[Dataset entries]

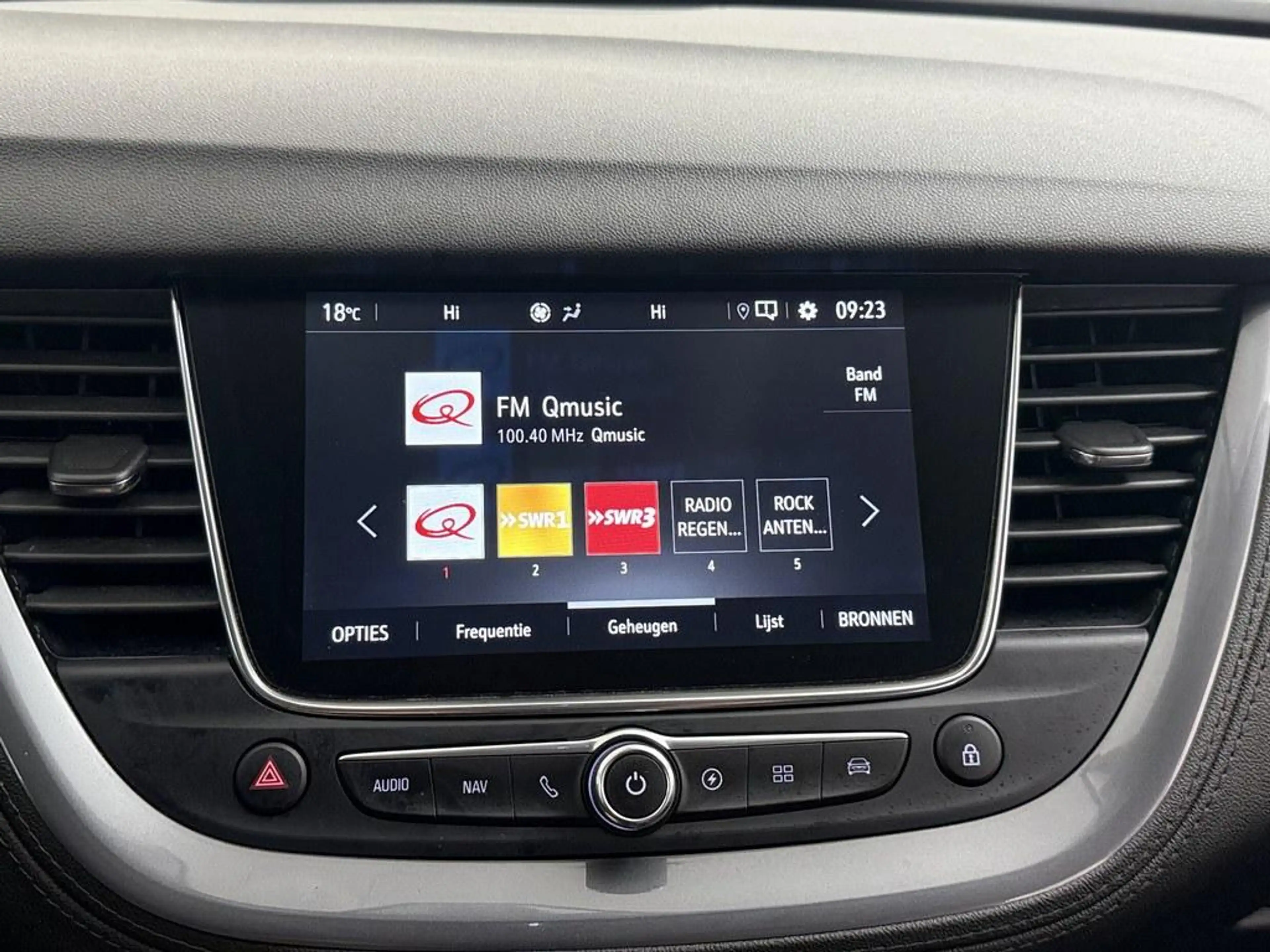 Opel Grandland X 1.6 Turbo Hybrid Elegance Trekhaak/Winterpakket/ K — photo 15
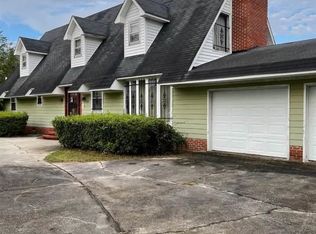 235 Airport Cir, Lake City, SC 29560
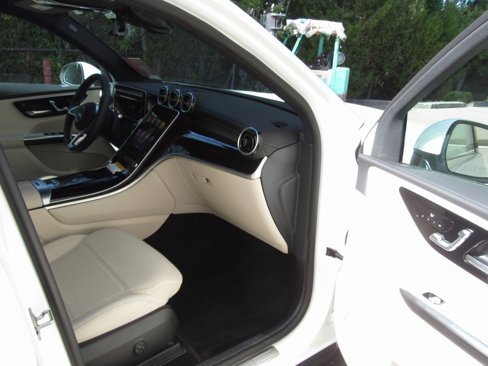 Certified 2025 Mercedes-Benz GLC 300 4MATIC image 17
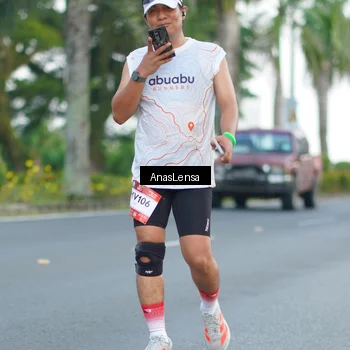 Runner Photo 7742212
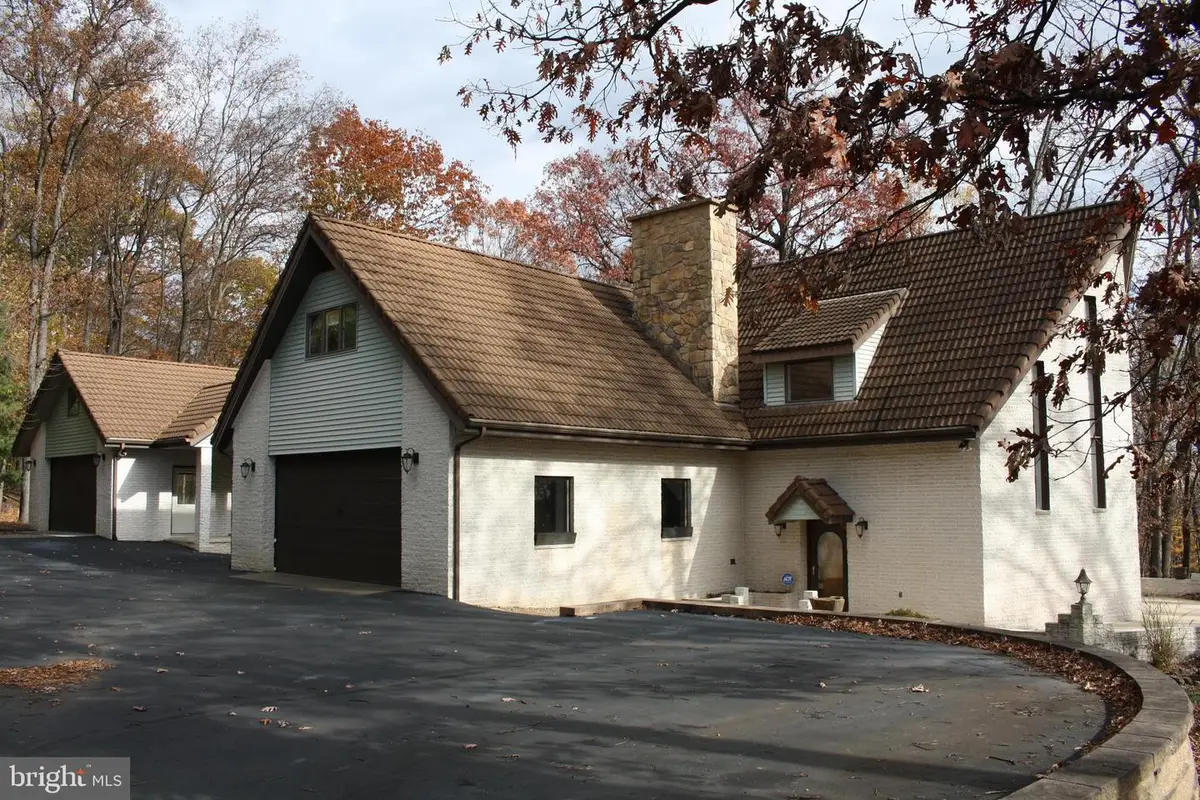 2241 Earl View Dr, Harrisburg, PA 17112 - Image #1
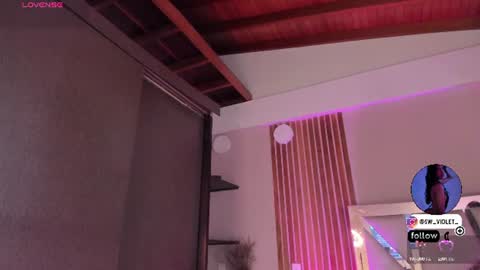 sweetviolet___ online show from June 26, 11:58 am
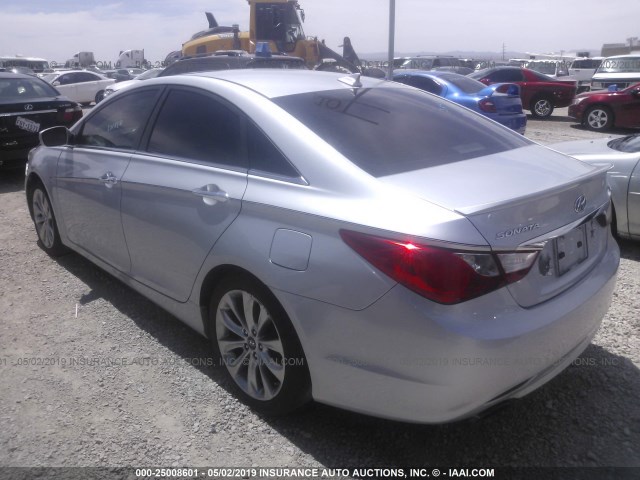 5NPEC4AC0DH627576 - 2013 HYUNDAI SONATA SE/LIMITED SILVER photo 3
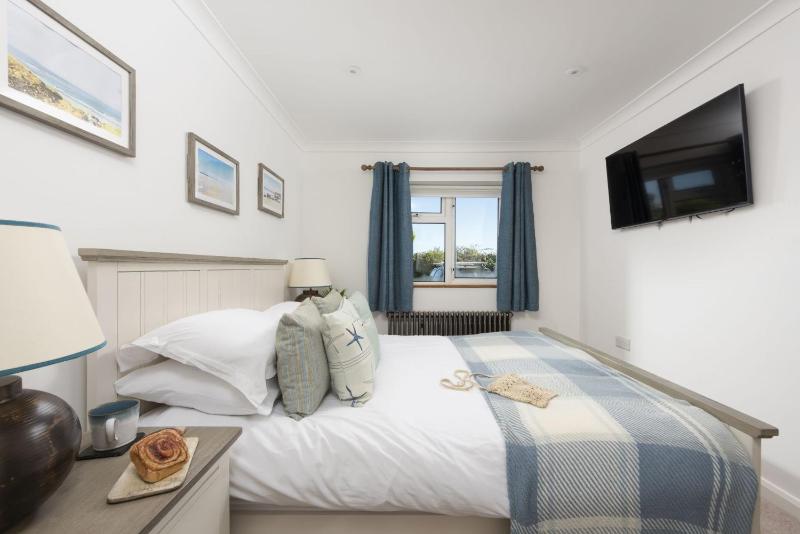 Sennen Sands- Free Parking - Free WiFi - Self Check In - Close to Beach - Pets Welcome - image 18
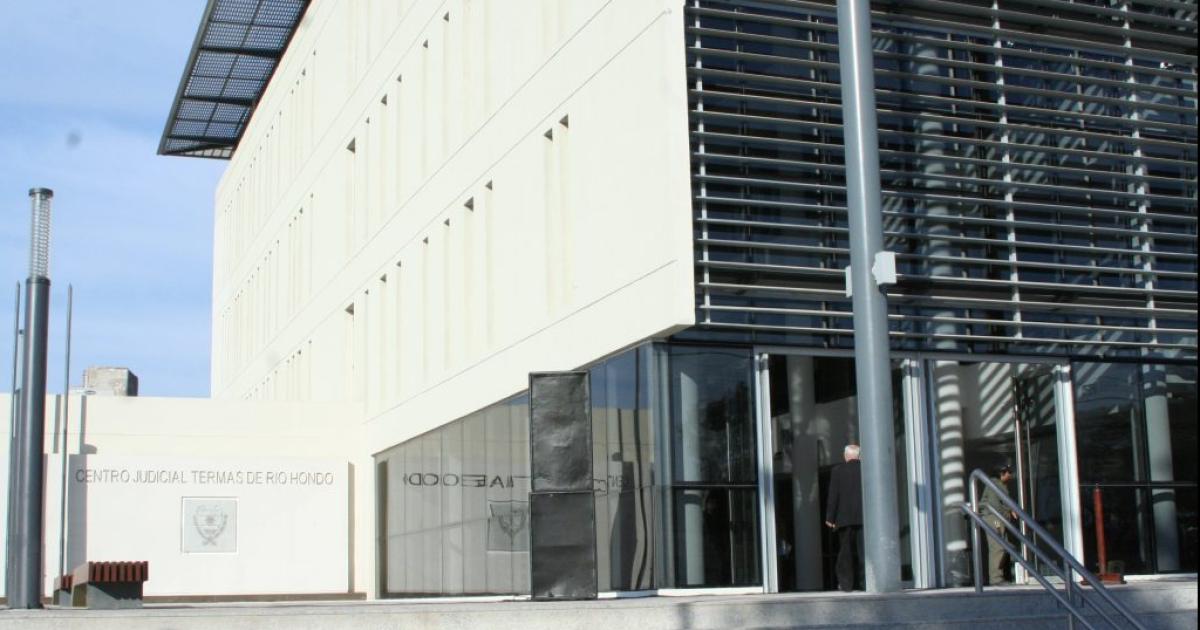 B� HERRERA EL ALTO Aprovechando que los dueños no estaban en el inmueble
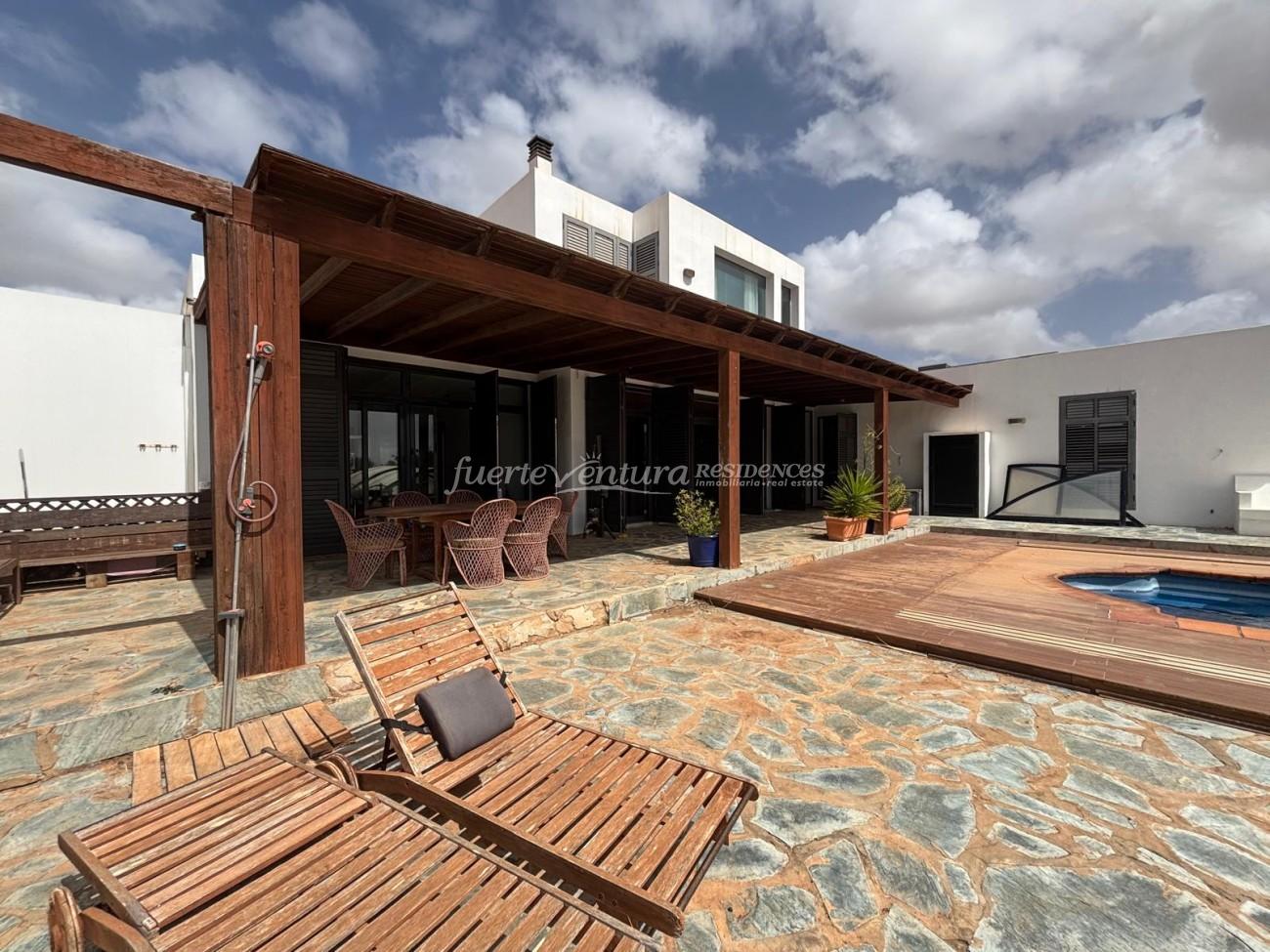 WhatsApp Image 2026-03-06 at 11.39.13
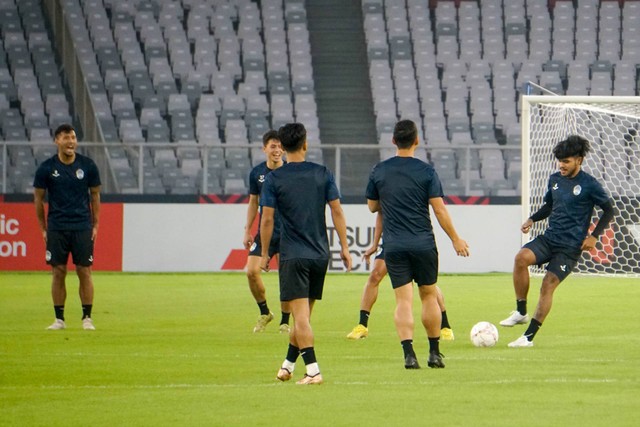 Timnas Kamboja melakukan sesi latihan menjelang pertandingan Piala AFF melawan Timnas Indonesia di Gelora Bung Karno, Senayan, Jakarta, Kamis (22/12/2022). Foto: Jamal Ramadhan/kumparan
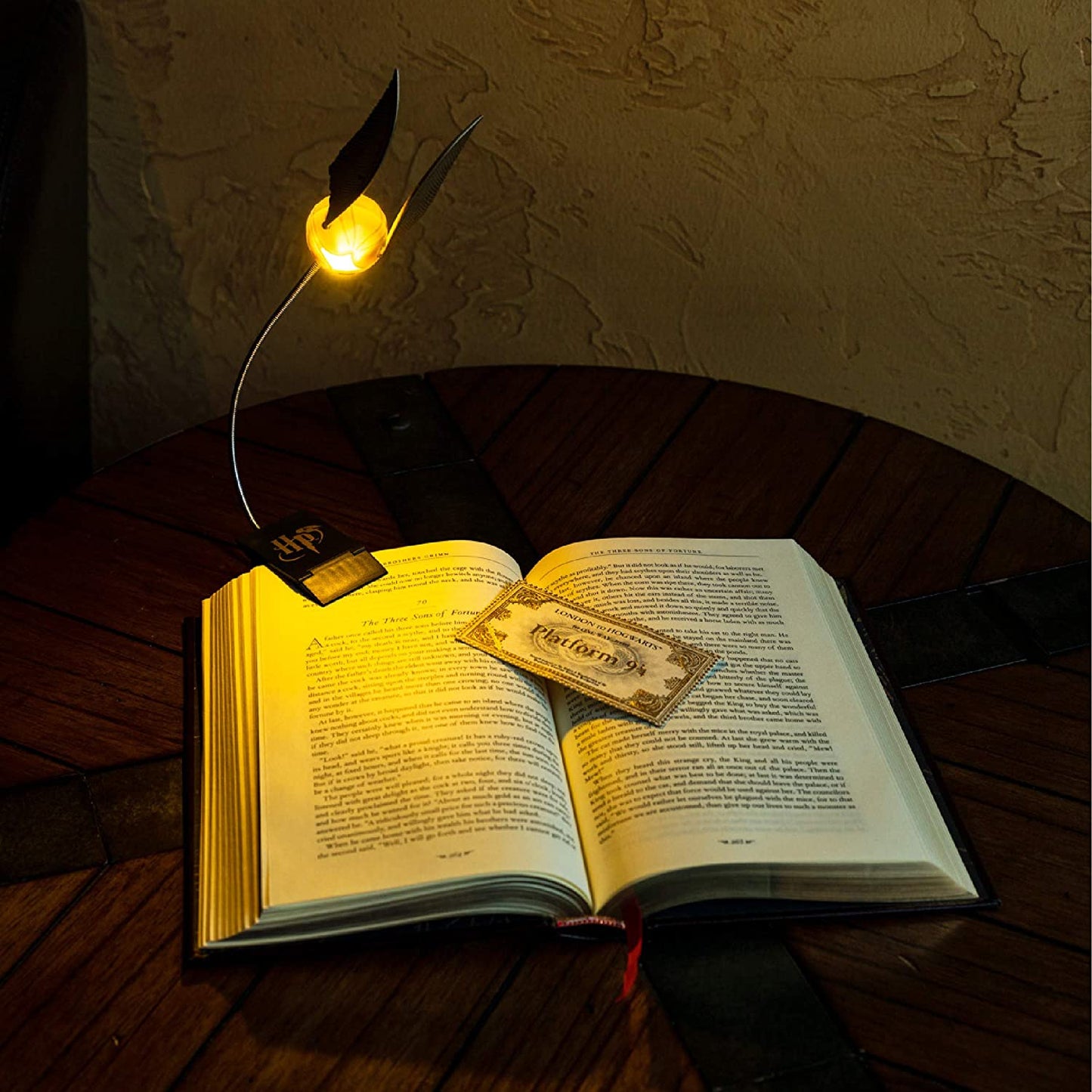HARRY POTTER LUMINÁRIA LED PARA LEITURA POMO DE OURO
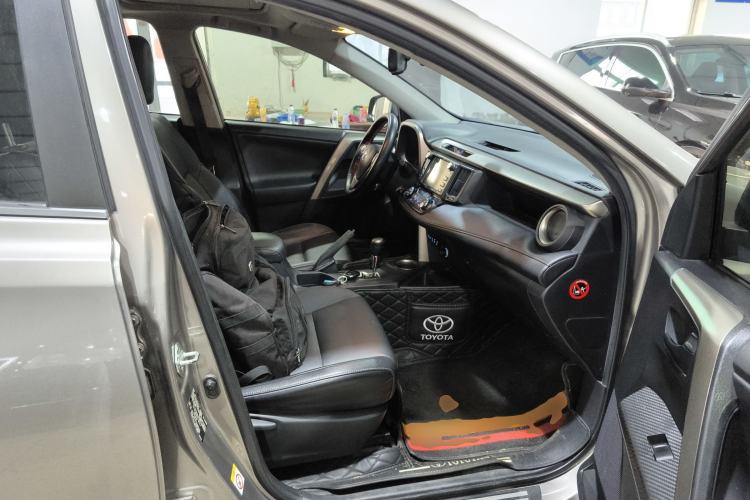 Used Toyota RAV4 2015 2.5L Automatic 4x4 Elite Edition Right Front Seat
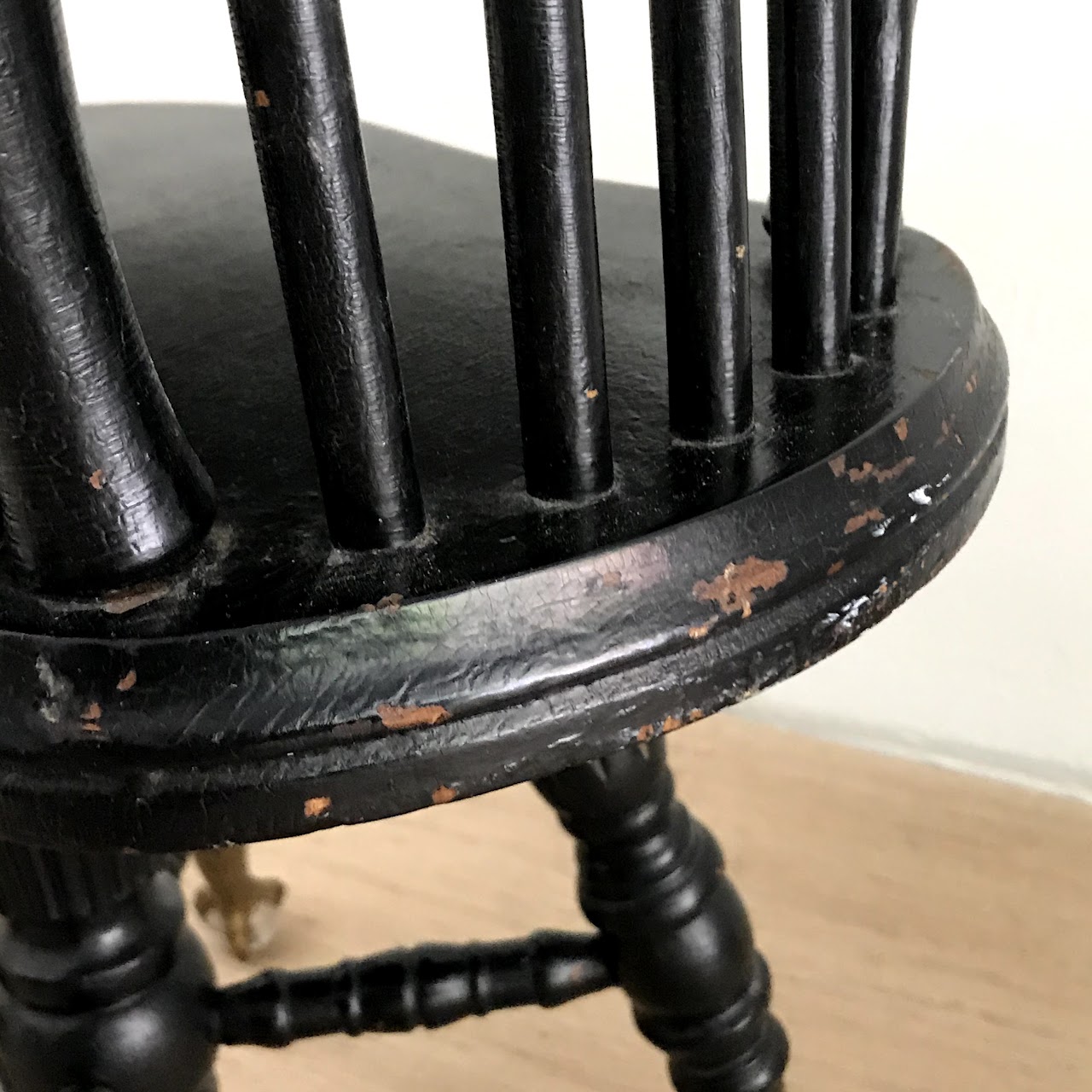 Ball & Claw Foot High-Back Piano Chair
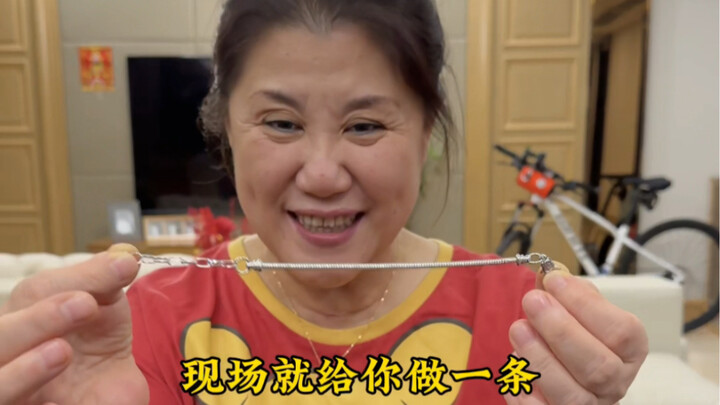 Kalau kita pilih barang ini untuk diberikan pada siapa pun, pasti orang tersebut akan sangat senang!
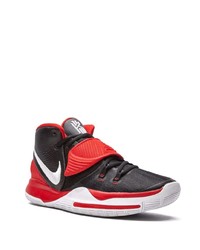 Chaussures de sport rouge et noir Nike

• WHAT YOU SHOULD DO: Return each entry above unchanged. Leave the pictures out.

• TASK OUTPUT:
 Opel Grandland X 1.6 Turbo Hybrid Elegance Trekhaak/Winterpakket/ K — photo 15
 235 Airport Cir, Lake City, SC 29560
 Certified 2025 Mercedes-Benz GLC 300 4MATIC image 17
 Runner Photo 7742212
 2241 Earl View Dr, Harrisburg, PA 17112 - Image #1
 sweetviolet___ online show from June 26, 11:58 am
 5NPEC4AC0DH627576 - 2013 HYUNDAI SONATA SE/LIMITED SILVER photo 3
 Sennen Sands- Free Parking - Free WiFi - Self Check In - Close to Beach - Pets Welcome - image 18
 B� HERRERA EL ALTO Aprovechando que los dueños no estaban en el inmueble
 WhatsApp Image 2026-03-06 at 11.39.13
 Timnas Kamboja melakukan sesi latihan menjelang pertandingan Piala AFF melawan Timnas Indonesia di Gelora Bung Karno, Senayan, Jakarta, Kamis (22/12/2022). Foto: Jamal Ramadhan/kumparan
HARRY POTTER LUMINÁRIA LED PARA LEITURA POMO DE OURO
 Used Toyota RAV4 2015 2.5L Automatic 4x4 Elite Edition Right Front Seat
 Ball & Claw Foot High-Back Piano Chair
 Kalau kita pilih barang ini untuk diberikan pada siapa pun, pasti orang tersebut akan sangat senang!
 Chaussures de sport rouge et noir Nike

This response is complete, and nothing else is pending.